SALT LAKE CITY — Conflicting conservative values may sink a proposed anti-affirmative action constitutional amendment, at least for this legislative session.
Four Republican representatives told the Deseret News they do not support the resolution as currently written.
As a constitutional amendment, HJR24 requires a two-thirds majority to pass. In the House, that means at least 50 votes.
Minority Leader David Litvack, D-Salt Lake City, confirmed that, as of Friday, all 22 House Democrats oppose the proposal.
With at least four Republicans saying they are opposed to passing the current resolution and more representatives on the fence, the proposal's chances for success may be slim in the House.
The proposed constitutional amendment prohibits state entities from discriminating or granting "preferential treatment" based on race or sex, among other factors.
On Wednesday, House Majority Leader Kevin Garn predicted that any vote would come down to a few legislators.
"It's really close, it could go either way," he said.
Those Republicans who say they oppose the resolution cited varied reasons for their dissent, but some conflicting conservative values came up again and again: support for the proposal's ideas but a belief that the Utah Constitution should not be changed lightly.
Some dissenting conservatives wholeheartedly support the proposal's ideas, while others believe changes still need to be made, but many agree the amendment needs more time.
"As of right now, I could not support it," said Rep. Steven Mascaro, R-West Jordan, who insists he will be the first to take on affirmative action but thinks the process has been too rushed.
Mascaro said even if the resolution passes the House, there would still not be enough time left in the session to fully debate it.
The resolution has been on hold since Tuesday because it lacks the support to pass, Mascaro said, and since then, he has not seen or heard a "great change of opinion."

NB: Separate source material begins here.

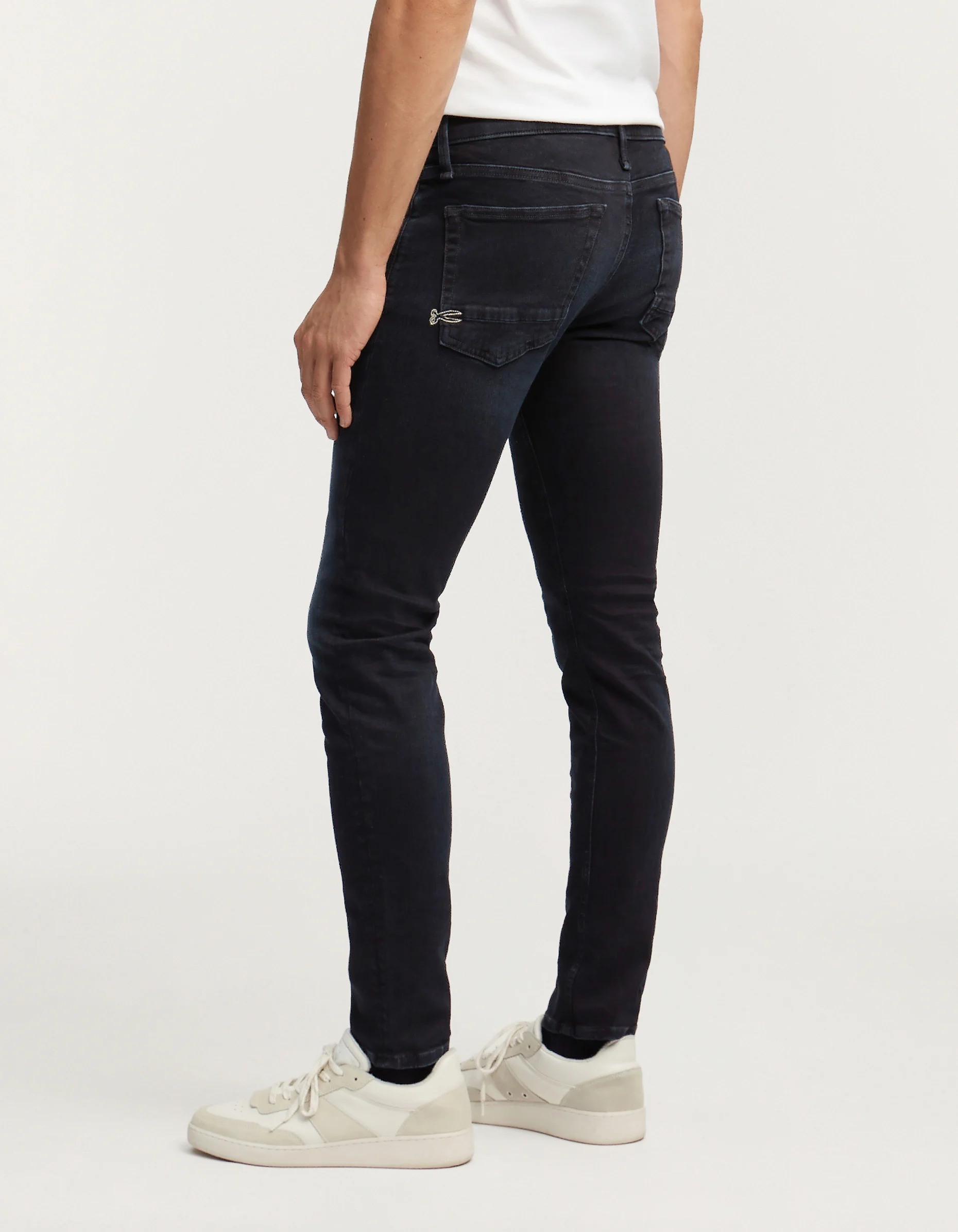 Men & Women Jeans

For Rep. Sheryl Allen, R-Bountiful, the proposal leaves too many questions.
"The constitution is a very special document," she said. "We need to spend at least a year considering the implications of this change."
North Salt Lake GOP Rep. Becky Edwards agreed, saying she has yet to see convincing proof that preferential treatment is a problem in Utah.

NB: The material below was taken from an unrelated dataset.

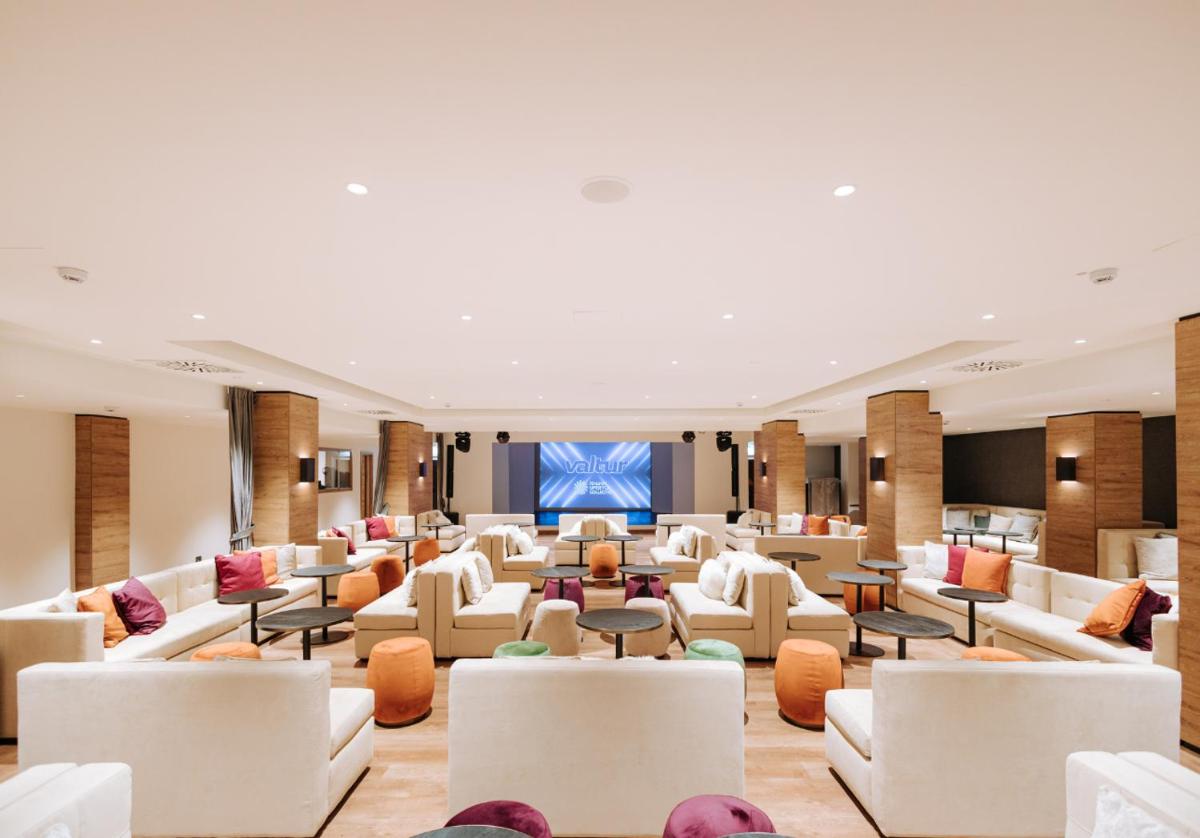 Valtur Cervinia Cristallo Ski Resort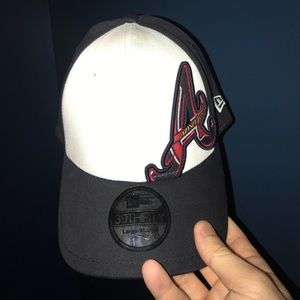MLB Atlanta Braves Hat large-xl new with tags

"I have serious concerns about potential unintended consequences," she said. "I would hate to build a barrier when we should be building bridges. Until there have been significant changes or I have seen proof that this is an issue, I couldn't vote for it."

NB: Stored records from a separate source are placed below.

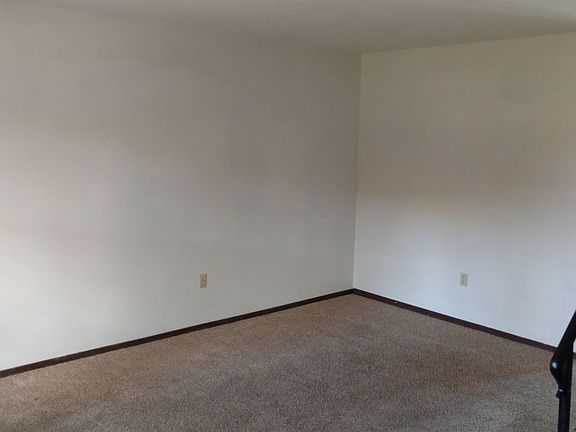 3rd image of 65 E Main St APT 3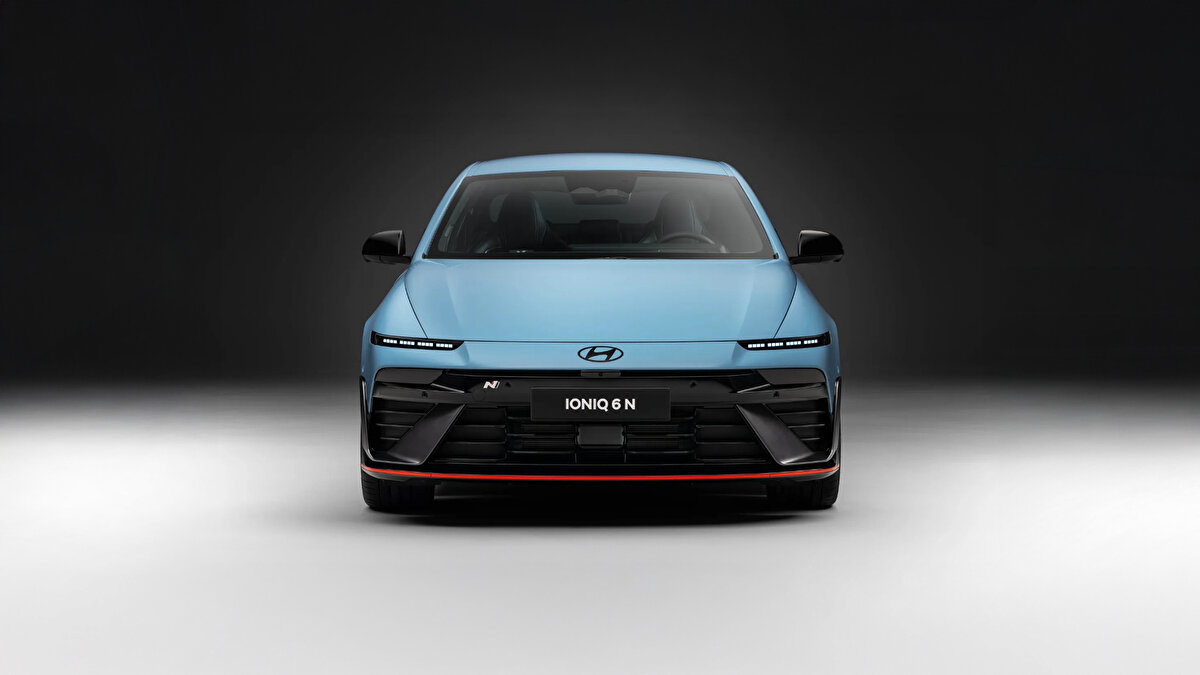 84,0 kWh paket 800V yapı sayesinde 350 kW DC ile 18 dakikada %10-%80 doldurulabiliyor. Drag, Sprint ve Endurance modları pistte sıcaklık ve güç sürekliliğini yönetiyor. WLTP menzil tahmini 487 km.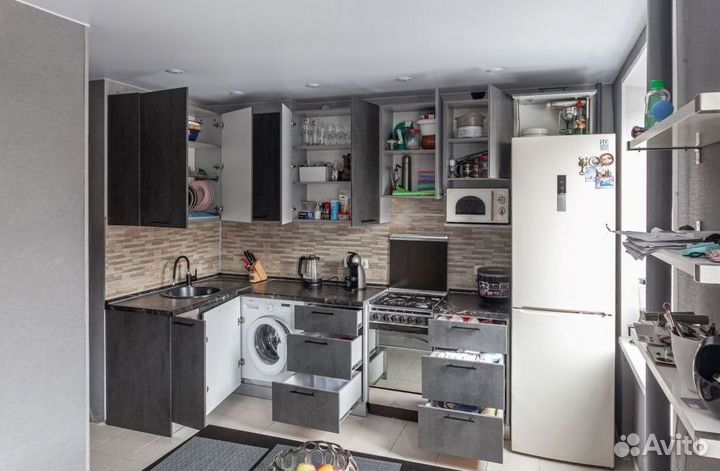 Кухня новая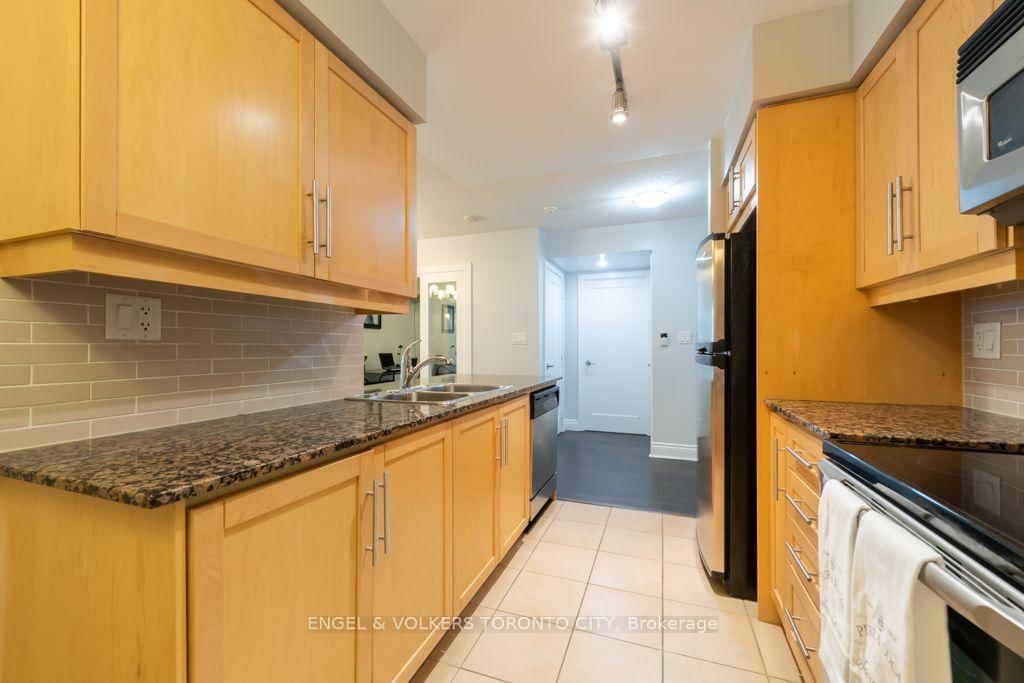 307-20 Blue Jays Way, Toronto, view 26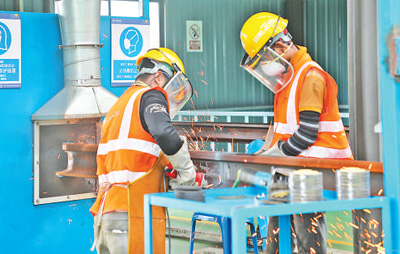 中企承建的馬東鐵項(xiàng)目創(chuàng)造就業(yè)機(jī)會(huì)超過1.8萬個(gè)，合作的當(dāng)?shù)仄髽I(yè)超過1900家——為促進(jìn)馬來西亞東西海岸互聯(lián)互通貢獻(xiàn)力量（共建“一帶一路”第一現(xiàn)場(chǎng)）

Some of those unintended consequences could have significant effects on higher education in Utah, said Rep. Ronda Menlove, who also sits on the Constitutional Review Commission.
The Garland Republican works at Utah State University and said she has too many questions about how the amendment could impact scholarships and diversity outreach programs at universities.
"I would vote no," she said. "I just don't think we should be changing the constitution without more careful consideration."
Other Republicans, such as Clearfield Rep. Paul Ray, support the proposal but would prefer that an interim committee consider the amendment.
"I think that is likely where it will end up," he said. "I think this amendment is a great idea, but we need to be careful. Right now, I just personally don't know enough to vote yes."
Despite such concerns, many rank-and-file Republican representatives express unequivocal support for the measure.
Rep. Eric Hutchings, R-Kearns, said it marks the culmination of the civil rights movement.
"This is where we want to go," he said. "This proves that the civil rights movement worked. Are we to the point where society can accept this? That's for voters to decide."
While higher education has dominated some of the debate, former Utah State University vice president Rep. Fred Hunsaker, R-Logan, dismissed the concerns, saying they are "not as valid as some think they are."
The resolution's sponsor, Rep. Curtis Oda, R-Clearfield, also downplayed concerns and said he has provided his colleagues enough data to support the proposal.
"I've given them all plenty of data about this problem, but they just don't want to recognize it," he said.
Oda said he is still tweaking the resolution's language and refused to confirm a timeline for bringing it back for floor debate and a vote in the House.